Hi!  I have what would probably be called a mid-fi system in these parts, although it's made up of components I really love with highish end used/open box parts bought because my tastes are Waygu, while my budget is nice brisket.

I recently acquired a gently-used VPI Titan (the older, belt-driven, model although still sold) with a 12 inch Fat Boy tone arm, in part because the price was fantastic.

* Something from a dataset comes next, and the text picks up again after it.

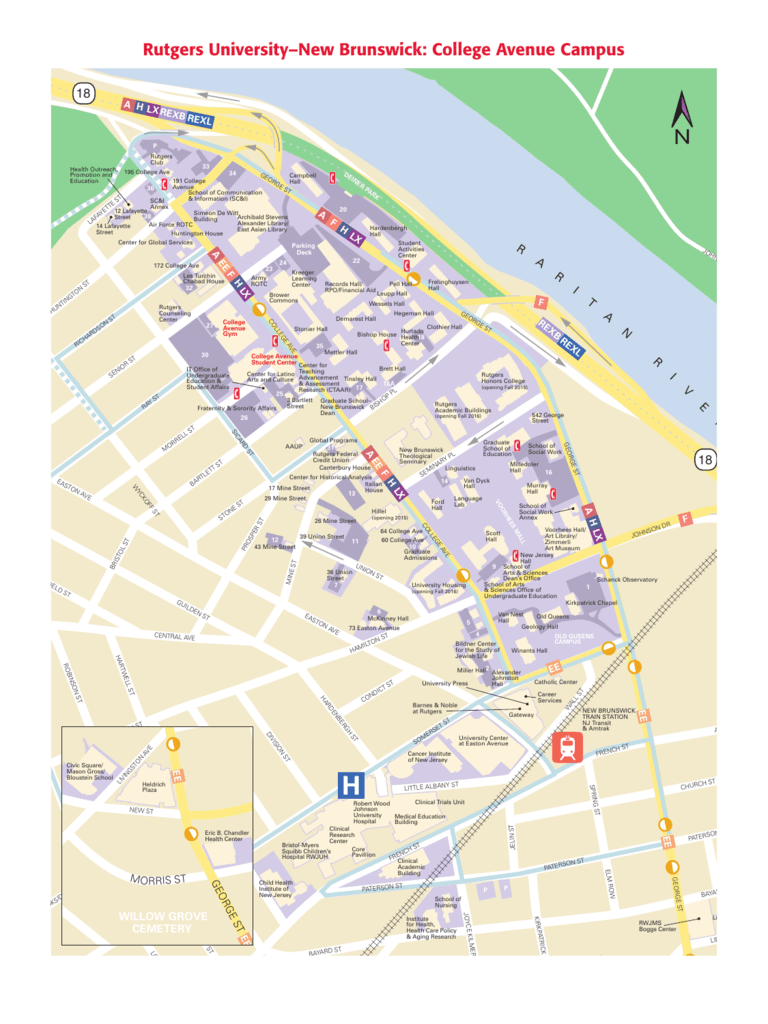 College Avenue Campus University Maps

After much study, albeit in complete ignorance, I am strongly leaning to the Van den Hul Frog Gold on my own, but a conclusion reinforced because my friend has it on a similarly-designed composite tone arm from Poland and the Frog sounds great. The rest of his system, however, is straight highest-end McIntosh.  (He lives far away or I'd ask to borrow his cartridge for an audition.)

In contrast to his stock top-to-bottom, system, my system is a bit of a hodge-podge of things I love, largely designed around streaming/digital, to wit:

Phone preamp (new to me): Parasound JC3+

Preamp: Evo Luna 400

Amps: Classe Delta Monoblocks

Speakers: B&W 800 D3

Subs: SVS PB-16 ultras (2)  (I have a dual hi-pass, low pass, up at pre-amp to divide between amps and amplified subs before amplification.)

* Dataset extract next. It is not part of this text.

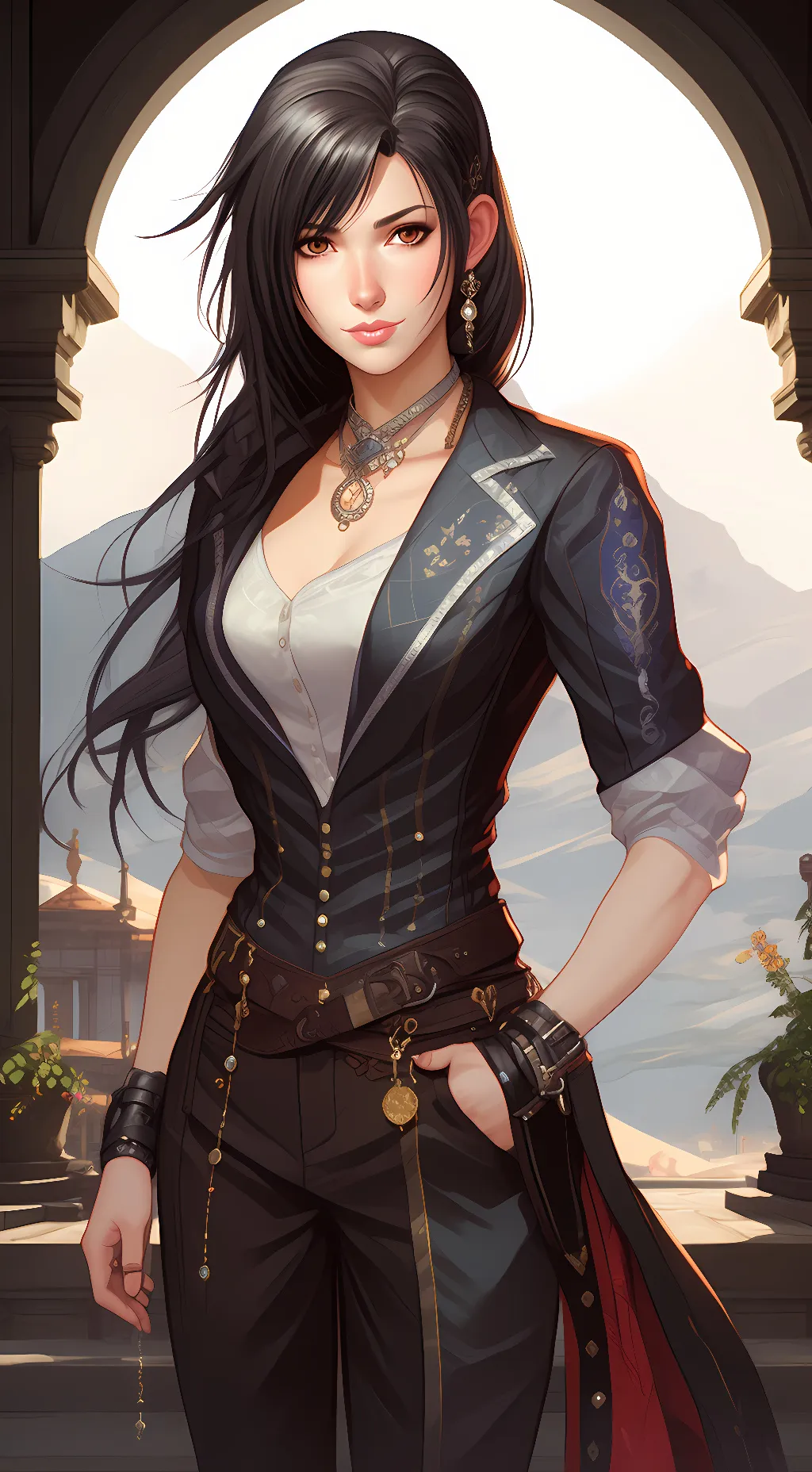 ai character: Katelyn Black background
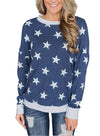 Printed Long-Sleeved O-Neck Sweater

(I do love base and low-end.)

Commercial 20 amp Furman power conditioner

Digital source: Lumin U1, Esoteric K-03XD SACD/CD player with excellent DACs)

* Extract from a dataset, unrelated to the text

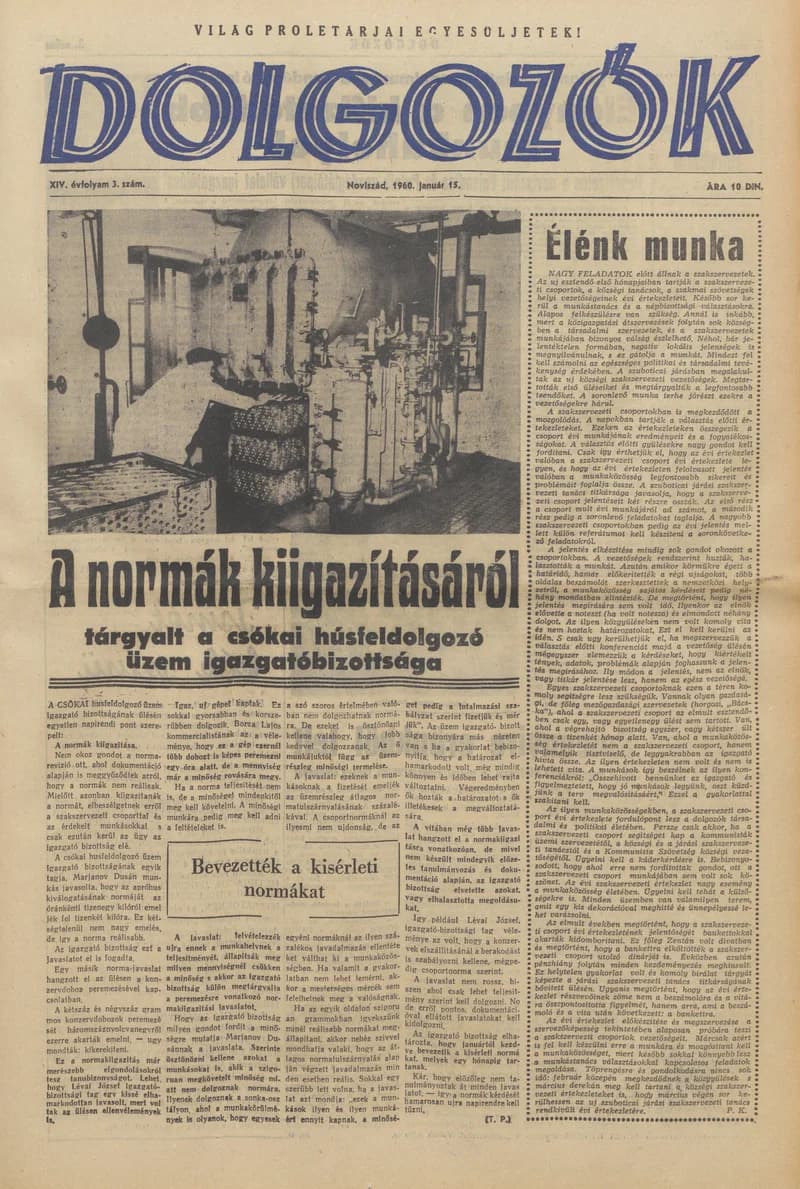 Dolgozók, 14. évf. 1960. január 15. 3. sz.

This is a $3600 cartridge, which chokes me, but I could pay more or less, for the right thing.

Listen to everything, but mainly listen to classical while streaming (due to excellent choices) and rock/blues/jazz/something that pairs with Scotch while listening to analog.

 

davetheoilguy

Seems a single major upgrade brings longer reward. 😃 Although, I suppose you just upgraded as models were released.

Audio Research PH 2, 2SE, 3, 3SE, 5, 8, and finally an ARC Ref 3

 

Yes. But each time I upgraded, I first, researched the heck out of the current market to determine whether switching to a different company was appropriate, typically auditioning as well. Audio Research always led the pack.